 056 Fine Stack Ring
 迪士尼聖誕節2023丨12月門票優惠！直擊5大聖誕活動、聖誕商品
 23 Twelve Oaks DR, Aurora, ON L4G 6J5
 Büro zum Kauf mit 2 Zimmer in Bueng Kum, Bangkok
---
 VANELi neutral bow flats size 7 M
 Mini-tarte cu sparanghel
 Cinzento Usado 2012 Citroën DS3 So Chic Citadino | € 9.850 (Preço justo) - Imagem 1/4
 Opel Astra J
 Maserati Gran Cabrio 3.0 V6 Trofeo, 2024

• Problem to work on
An exact copy of the lines above, from the one containing "Mini-tarte cu sparanghel" through the one containing "Maserati Gran Cabrio 3.0 V6 Trofeo, 2024", is the whole of the answer.

• Answer to this task
 Mini-tarte cu sparanghel
 Cinzento Usado 2012 Citroën DS3 So Chic Citadino | € 9.850 (Preço justo) - Imagem 1/4
 Opel Astra J
 Maserati Gran Cabrio 3.0 V6 Trofeo, 2024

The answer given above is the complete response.